Notice, by the way, that we can easily show that a rational argument doesn’t have normative power simply by virtue of its having causal power to shape people’s beliefs. The obvious counter-example is fallacious argument. A fallacious argument lacks normative power. But notice that, if the fallacy is seductive, it will still have considerable causal power to affect belief.
So rational arguments can and do have causal power. But that is not to say that rational argument is just another form of causal manipulation alongside e.g. threats, brainwashing, peer pressure, etc.
To sum up, we have seen that, when it comes to shaping belief, rational argument differs from these other methods in at least two important ways:
(i) reason is truth-sensitive (whereas purely causal mechanisms typically are not)
(ii) while rational arguments can be causally powerful, their causal power typically derives from their normative power – which is a distinct, non-causal form of “power”.
But perhaps we need to add a caveat. Suppose I just show you something directly. In good daylight, I just physically point your head in the direction of a tree. Given you are normally sighted, you will immediately come to believe there’s a tree there. You do not reason your way to this belief. Just like a victim of brainwashing and/or overwhelming peer pressure, etc. you are causally compelled to hold it. Your belief is involuntarily produced by a causal mechanism – sight. Yet we would not ordinarily consider this to be a form of psychological manipulation – certainly not of an insidious sort, alongside the use of brainwashing, peer pressure, etc. Why not? Perhaps because, unlike these other causal methods, and like procedural reason, our perceptual faculties also tend to be truth-sensitive.
You raise a good point–that dishonest emotional-manipulation tactics can be used to reinforce false beliefs just as much as true ones.

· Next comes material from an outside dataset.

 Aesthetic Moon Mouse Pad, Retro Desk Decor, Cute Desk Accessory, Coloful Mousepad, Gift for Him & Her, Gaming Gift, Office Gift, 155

However, the cynic in me notes that this doesn’t address the relative degree of _effectiveness_ of these methods. In my experience, reason is a very weak tool for persuading people where beliefs are involved. Yes, it’s more honest and less likely to be abused to support nonsense… but if it has minimal impact, does that matter?

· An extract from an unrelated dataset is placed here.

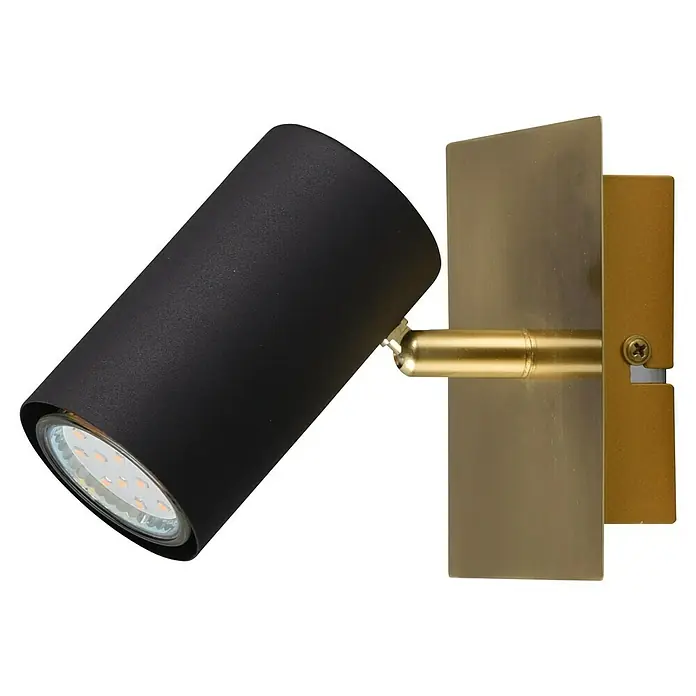 Trio Lighting Marley Foco de pared - 25 W, L x An x Al: 12 x 12 x 15 cm, Dorado/Negro, GU10 - Primer plano de una elegante lámpara de pared LED negra con detalles dorados, combinando diseño moderno e iluminación funcional para cualquier espacio.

Belief is strong, and reason is weak. Reason is better, of course, but if you’ve found a position supported by reason, logic, and evidence, it may be smarter to realy on more than JUST reason to make your case. It may be more effective to make use of other, much more powerful tools of persuasion, especially when you’re dealing with people who don’t value reason in the first place (e.g., testifying before Congress).
You have a point. And in fact, it is impossible to avoid also allowing other non-truth sensitive factors to play a role. Even just at the level of good presentational and rhetorical skills, for example.
I think it’s a matter of degree. A parent who prevents her kids meeting unbelievers, who insists on hours of repetition of key texts each day, who offers rewards for expressions of the “right” beliefs and punishments for those of “wrong” beliefs, and so on, is clearly well up the other end of the scale compared to a parent who encourages her kids to think and question and make up their own minds, etc. Despite the fact that the latter parent will no doubt by making use of non-truth-sensitive methods too (even if perhaps largely unknowingly). I talk about this quite a lot in my book The War For Children’s Minds (in which I make a case for a VERY liberal and enlightened approach to moral and religious education).
This is a false dichotomy, “reason” and “beliefs.” Beliefs are to reason what food is to hunger. The problem is some people fail to discipline their rational hunger, and feast on intellectual junk food. There is nothing wrong with having beliefs, they are the natural, normative object of reasoning.
Actually, beliefs are a poor substitute for knowledge. Beliefs are what can be confirmed or corrected when knowledge becomes available; until then, they’re guesses.